### The problem:
From the first line to the last, copy the data exactly and drop the pictures.

(Recorded information Opens)

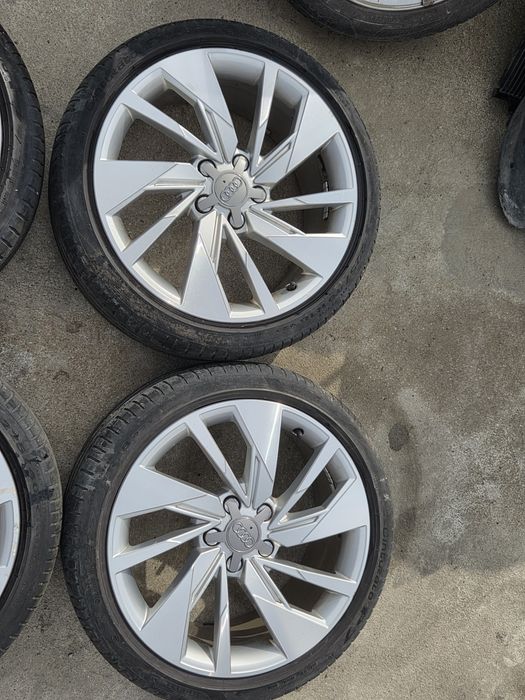 Джанти 18" Audi a3 8y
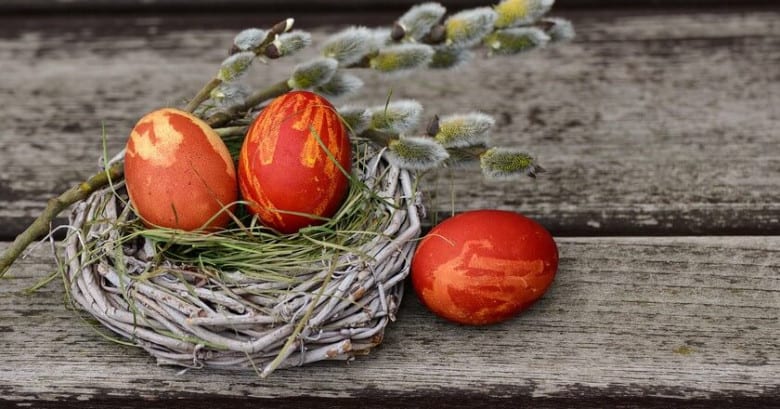 Красное пасхальное яйцо Красное пасхальное яйцо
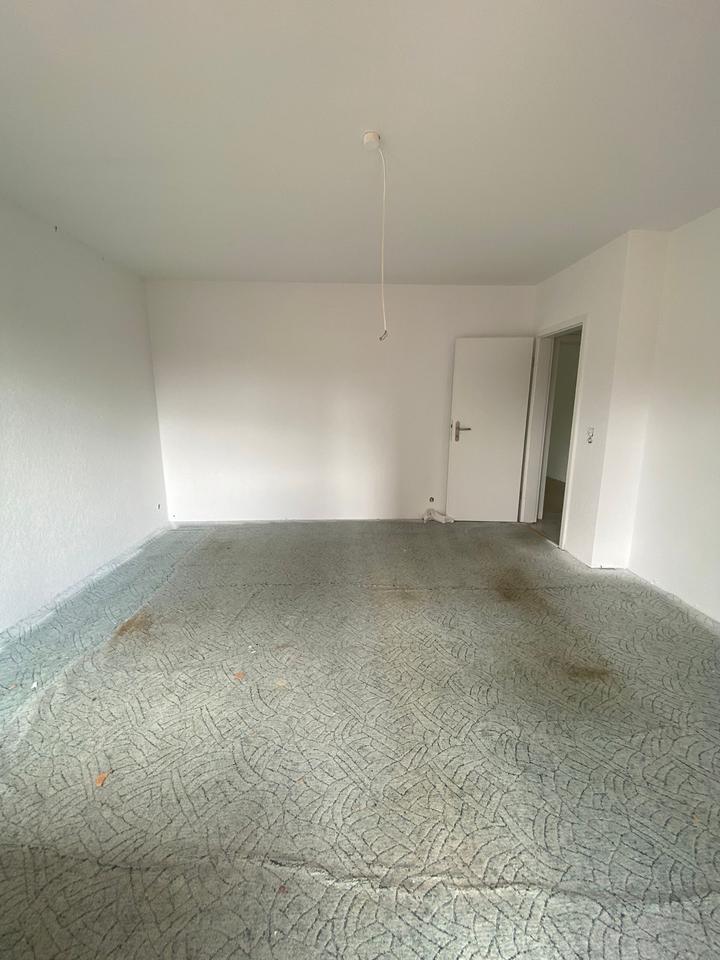 3 Zimmer Wohnung mit Balkon in Seevetal Meckelfeld von privat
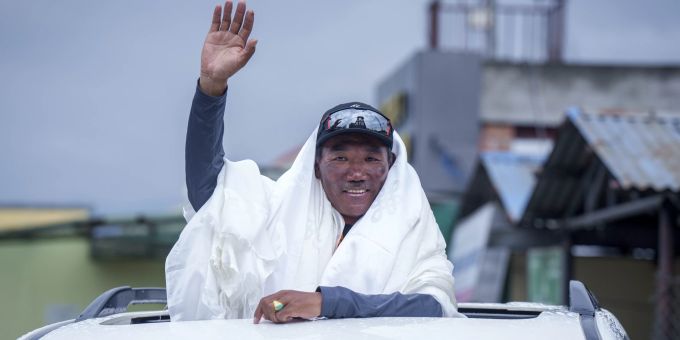 Sherpa Kami Rita bei seiner Ankunft am Flughafen in Kathmandu, wenige Stunden nach dem Rekord auf dem Mount Everest. Nepal Mount Everest Rekord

(Recorded information Closes)

### Task response:
 Джанти 18" Audi a3 8y
 Красное пасхальное яйцо Красное пасхальное яйцо
 3 Zimmer Wohnung mit Balkon in Seevetal Meckelfeld von privat
 Sherpa Kami Rita bei seiner Ankunft am Flughafen in Kathmandu, wenige Stunden nach dem Rekord auf dem Mount Everest. Nepal Mount Everest Rekord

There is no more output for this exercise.